C'était déjà mieux. Mais bon, eux ils rigolaient beaucoup, et moi, je commençais à avoir chaud sous mon gobelet.

Tout ça a duré bien trois quart d'heure. Puis ils sont venus s'asseoir près de moi et le Grand Machin a sorti du sac un paquet de biscuits que nous avons partagé avec tous les jeunes bergers qui riaient beaucoup avec Guedj, Tefayaou et le Grand Machin.

Puis nous sommes repartis.

Guedj a mis son bras autour de l'épaule du Grand Machin. Il l'a remercié d'avoir passé ce bon moment. Le jeune berger était monté sur un grand rocher et nous faisait au revoir de la main.

J'ai appris à ce moment là qu'il n'avait pas voulu dire son prénom. Mais qu'il était tout fier et tout ému d'avoir partagé ce moment et gagné un peu sa vie à apprendre à un étranger un petit bout de "ses montagnes" comme ils disent dans le Simien.

Aujourd'hui, le tindjilitt tout gris et tout effiloché trône sur le bureau du Grand Machin à Paris.

 

 

Les Coréens racontent une très jolie histoire :

               " Les parents sont comme l'archer.
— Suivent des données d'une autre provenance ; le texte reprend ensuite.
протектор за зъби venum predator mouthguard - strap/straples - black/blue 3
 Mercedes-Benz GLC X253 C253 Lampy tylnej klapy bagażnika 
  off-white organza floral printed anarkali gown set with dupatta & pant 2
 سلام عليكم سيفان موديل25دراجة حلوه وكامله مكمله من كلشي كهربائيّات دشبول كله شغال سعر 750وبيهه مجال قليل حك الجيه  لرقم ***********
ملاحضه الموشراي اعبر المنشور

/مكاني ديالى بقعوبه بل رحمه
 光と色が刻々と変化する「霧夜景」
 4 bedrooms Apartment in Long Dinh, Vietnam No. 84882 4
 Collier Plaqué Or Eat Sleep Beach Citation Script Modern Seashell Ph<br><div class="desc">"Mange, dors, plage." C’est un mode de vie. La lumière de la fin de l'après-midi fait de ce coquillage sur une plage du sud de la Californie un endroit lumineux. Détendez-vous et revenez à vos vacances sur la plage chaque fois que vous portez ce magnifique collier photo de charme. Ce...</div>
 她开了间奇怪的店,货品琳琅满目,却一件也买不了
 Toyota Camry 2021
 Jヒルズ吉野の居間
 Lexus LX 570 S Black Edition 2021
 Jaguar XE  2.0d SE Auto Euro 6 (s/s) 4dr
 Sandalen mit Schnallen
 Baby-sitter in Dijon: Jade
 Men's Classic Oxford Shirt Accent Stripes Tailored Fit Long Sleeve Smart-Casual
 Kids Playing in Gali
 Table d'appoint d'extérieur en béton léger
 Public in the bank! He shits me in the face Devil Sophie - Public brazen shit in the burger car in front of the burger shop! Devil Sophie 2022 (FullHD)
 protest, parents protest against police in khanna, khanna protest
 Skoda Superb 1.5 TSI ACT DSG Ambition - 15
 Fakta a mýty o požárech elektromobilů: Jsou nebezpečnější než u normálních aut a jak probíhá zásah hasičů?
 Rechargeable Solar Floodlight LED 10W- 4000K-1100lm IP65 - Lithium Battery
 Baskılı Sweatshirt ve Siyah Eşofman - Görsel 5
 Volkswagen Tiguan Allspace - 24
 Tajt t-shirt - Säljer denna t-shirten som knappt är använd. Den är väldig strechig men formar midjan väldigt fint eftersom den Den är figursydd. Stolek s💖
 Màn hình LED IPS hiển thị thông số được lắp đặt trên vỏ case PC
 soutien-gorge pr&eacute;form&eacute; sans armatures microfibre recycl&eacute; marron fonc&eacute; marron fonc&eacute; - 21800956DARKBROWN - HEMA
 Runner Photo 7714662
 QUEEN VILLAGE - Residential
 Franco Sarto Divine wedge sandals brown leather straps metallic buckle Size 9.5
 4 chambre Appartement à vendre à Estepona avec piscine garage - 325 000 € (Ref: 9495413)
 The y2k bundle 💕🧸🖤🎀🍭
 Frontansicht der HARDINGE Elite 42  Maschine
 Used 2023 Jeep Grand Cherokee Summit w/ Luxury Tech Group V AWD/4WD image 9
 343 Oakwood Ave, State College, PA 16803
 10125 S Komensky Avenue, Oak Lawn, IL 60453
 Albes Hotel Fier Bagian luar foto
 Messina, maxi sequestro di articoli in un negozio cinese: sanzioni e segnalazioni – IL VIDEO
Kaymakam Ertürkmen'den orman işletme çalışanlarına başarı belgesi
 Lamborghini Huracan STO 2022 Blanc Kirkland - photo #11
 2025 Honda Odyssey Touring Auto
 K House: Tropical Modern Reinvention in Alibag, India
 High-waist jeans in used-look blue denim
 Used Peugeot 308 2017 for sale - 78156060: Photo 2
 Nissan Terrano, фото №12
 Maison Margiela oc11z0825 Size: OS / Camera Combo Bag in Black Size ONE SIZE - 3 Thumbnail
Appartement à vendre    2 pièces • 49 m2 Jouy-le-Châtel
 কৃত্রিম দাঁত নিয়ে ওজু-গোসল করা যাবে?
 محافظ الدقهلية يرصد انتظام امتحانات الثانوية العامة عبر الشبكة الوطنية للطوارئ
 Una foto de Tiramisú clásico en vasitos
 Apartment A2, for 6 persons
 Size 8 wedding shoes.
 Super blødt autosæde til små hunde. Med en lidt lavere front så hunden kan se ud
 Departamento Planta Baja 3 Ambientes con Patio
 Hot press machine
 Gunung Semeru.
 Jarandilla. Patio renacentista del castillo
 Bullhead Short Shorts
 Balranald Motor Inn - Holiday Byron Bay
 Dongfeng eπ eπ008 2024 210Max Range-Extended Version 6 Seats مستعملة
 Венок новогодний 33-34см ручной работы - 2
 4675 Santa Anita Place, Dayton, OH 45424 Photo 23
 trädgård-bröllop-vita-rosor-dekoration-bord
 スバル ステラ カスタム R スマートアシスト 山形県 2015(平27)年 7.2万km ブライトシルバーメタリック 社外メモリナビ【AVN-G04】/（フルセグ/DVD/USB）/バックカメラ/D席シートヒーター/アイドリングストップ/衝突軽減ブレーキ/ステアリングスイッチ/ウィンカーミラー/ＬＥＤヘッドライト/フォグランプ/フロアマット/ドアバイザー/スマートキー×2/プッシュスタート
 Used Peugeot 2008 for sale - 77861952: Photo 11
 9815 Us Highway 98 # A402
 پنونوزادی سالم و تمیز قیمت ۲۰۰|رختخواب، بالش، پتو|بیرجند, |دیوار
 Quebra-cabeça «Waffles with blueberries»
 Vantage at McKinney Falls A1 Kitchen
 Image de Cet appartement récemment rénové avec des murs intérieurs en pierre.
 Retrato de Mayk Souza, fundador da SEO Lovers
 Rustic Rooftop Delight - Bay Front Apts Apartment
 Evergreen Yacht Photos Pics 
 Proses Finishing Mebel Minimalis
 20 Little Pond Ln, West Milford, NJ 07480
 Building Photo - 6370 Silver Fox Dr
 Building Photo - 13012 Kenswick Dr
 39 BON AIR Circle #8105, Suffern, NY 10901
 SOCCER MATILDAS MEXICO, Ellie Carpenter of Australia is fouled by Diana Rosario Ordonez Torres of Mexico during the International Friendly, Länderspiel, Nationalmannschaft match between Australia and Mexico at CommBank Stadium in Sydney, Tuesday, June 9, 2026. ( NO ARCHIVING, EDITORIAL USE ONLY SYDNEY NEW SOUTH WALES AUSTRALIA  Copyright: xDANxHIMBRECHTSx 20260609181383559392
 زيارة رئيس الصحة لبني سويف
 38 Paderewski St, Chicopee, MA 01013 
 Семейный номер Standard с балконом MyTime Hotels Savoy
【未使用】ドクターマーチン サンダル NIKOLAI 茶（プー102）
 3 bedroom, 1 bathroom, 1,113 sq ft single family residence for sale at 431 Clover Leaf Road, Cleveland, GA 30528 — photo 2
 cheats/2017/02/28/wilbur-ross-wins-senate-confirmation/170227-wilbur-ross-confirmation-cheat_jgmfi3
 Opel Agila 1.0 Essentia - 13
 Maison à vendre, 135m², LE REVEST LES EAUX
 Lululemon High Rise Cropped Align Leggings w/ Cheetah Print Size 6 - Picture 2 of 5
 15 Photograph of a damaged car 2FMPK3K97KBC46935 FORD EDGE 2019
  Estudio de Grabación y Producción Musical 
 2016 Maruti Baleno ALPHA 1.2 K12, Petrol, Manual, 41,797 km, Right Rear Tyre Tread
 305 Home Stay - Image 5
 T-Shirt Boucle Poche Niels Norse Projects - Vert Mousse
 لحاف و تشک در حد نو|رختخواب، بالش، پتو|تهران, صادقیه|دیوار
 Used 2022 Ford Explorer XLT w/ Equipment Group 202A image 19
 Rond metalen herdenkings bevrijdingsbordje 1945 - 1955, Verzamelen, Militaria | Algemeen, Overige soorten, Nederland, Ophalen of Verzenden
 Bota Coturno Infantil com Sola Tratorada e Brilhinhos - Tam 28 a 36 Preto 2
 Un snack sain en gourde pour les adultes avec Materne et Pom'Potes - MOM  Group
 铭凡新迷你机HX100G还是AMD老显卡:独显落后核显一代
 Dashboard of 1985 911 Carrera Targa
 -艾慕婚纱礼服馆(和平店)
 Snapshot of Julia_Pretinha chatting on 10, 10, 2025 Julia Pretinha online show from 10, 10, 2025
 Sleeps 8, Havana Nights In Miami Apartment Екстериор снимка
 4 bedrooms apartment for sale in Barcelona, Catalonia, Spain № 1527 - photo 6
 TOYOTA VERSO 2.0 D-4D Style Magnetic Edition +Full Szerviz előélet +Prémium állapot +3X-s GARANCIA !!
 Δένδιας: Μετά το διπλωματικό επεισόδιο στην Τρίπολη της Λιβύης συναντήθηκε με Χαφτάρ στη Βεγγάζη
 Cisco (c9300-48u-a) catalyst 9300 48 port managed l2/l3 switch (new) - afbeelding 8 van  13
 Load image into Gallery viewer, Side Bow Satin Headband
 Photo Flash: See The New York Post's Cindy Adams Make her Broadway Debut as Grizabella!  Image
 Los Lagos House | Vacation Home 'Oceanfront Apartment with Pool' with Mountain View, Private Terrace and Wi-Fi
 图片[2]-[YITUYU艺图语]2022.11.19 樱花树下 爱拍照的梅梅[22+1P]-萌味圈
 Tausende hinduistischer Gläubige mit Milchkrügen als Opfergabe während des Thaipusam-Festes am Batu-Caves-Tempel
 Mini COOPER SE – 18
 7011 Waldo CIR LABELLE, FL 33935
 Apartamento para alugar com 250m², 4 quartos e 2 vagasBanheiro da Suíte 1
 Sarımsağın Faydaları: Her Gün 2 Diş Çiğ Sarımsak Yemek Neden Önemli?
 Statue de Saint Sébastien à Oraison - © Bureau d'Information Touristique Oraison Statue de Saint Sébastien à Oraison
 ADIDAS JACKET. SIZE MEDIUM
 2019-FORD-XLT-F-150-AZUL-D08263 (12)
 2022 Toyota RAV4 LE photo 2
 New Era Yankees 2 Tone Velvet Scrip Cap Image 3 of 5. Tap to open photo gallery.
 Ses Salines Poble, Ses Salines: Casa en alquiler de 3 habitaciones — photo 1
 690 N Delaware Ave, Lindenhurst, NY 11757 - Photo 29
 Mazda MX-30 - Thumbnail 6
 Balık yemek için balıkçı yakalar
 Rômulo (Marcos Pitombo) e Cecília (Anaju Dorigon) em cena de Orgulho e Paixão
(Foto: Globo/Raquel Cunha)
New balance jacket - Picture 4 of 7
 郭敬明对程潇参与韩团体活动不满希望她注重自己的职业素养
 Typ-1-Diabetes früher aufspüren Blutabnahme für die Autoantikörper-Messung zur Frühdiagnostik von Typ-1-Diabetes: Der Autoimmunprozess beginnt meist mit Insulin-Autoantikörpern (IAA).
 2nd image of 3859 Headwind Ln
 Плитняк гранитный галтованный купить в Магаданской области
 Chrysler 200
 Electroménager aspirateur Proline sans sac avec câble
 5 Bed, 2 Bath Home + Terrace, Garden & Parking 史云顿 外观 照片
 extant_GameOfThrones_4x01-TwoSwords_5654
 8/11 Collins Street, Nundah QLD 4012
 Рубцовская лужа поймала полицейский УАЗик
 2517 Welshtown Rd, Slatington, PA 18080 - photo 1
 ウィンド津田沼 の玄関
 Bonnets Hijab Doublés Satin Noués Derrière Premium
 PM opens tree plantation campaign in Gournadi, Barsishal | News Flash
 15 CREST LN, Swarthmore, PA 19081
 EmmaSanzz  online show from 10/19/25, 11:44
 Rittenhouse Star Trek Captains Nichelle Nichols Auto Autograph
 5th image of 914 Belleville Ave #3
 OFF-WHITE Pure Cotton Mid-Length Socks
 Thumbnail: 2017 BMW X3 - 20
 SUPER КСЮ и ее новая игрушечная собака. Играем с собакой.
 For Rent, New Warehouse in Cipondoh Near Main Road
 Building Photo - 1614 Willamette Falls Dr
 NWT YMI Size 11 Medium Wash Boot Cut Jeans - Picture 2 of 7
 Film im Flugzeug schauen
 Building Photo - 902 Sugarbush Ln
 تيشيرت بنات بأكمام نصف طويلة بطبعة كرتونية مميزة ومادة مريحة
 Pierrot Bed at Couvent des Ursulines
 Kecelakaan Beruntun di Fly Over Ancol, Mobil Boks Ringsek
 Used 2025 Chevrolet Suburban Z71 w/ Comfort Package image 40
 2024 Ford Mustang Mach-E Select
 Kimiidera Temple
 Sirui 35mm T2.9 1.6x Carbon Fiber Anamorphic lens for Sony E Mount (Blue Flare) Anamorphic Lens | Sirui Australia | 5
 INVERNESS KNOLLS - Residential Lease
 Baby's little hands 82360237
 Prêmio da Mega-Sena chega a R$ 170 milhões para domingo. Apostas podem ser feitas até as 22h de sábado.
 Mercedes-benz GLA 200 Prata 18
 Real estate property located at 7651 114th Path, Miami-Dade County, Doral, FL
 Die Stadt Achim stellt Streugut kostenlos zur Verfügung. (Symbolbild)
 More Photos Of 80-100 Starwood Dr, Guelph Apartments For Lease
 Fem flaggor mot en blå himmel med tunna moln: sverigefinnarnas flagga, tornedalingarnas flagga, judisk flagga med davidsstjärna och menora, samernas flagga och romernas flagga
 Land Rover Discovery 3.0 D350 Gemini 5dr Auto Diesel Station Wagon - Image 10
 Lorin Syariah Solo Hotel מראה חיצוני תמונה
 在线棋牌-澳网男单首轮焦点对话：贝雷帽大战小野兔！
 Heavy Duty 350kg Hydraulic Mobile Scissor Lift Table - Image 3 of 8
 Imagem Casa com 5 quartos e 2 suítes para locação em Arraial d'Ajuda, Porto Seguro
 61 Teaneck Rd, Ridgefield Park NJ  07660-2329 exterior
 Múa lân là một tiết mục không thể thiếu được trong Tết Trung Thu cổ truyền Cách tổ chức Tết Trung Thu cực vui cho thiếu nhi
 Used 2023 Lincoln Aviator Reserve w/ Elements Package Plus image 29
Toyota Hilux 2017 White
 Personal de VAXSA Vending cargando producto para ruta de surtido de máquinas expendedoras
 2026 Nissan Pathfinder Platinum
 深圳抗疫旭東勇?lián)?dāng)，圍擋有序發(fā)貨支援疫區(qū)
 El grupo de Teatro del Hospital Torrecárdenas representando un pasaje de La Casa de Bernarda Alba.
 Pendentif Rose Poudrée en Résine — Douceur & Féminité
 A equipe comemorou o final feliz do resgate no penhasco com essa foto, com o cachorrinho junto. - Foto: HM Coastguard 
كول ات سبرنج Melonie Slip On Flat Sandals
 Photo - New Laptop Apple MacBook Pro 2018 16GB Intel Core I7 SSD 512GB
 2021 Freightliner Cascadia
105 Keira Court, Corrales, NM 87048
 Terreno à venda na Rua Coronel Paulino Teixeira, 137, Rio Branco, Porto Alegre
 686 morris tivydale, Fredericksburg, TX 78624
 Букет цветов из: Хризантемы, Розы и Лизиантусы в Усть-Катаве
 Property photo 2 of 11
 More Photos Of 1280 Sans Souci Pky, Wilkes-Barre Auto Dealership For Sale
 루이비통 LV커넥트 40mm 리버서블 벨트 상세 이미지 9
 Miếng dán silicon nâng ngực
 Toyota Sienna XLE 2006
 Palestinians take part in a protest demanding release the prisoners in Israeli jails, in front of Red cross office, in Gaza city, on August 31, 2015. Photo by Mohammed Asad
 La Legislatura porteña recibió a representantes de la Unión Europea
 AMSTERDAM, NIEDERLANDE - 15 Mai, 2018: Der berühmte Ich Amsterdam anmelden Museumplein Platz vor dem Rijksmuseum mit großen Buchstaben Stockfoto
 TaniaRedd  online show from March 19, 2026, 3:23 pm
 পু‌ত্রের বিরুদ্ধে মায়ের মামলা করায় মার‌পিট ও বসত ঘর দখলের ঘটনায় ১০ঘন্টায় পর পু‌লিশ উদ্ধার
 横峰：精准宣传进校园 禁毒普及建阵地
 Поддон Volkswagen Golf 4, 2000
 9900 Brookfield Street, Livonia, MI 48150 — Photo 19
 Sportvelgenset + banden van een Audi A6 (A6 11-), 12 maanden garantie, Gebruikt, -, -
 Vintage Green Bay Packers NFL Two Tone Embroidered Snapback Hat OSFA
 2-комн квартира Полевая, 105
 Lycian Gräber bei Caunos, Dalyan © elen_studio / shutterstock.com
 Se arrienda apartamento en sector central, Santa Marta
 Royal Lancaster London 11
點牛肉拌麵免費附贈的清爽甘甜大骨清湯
L'enfant comme la flèche.

                 L'archer ne peut donner que l'impulsion, la direction et la force.

                 Une fois le trait décoché de l'arc, l'archer ne peut plus rien contrôler.

                 La flèche alors est libre.

                 Son trajet lui appartient.

                 La raison fondamentale de la Vie est que le dernier Archer et la dernière Flèche atteignent enfin l'horizon."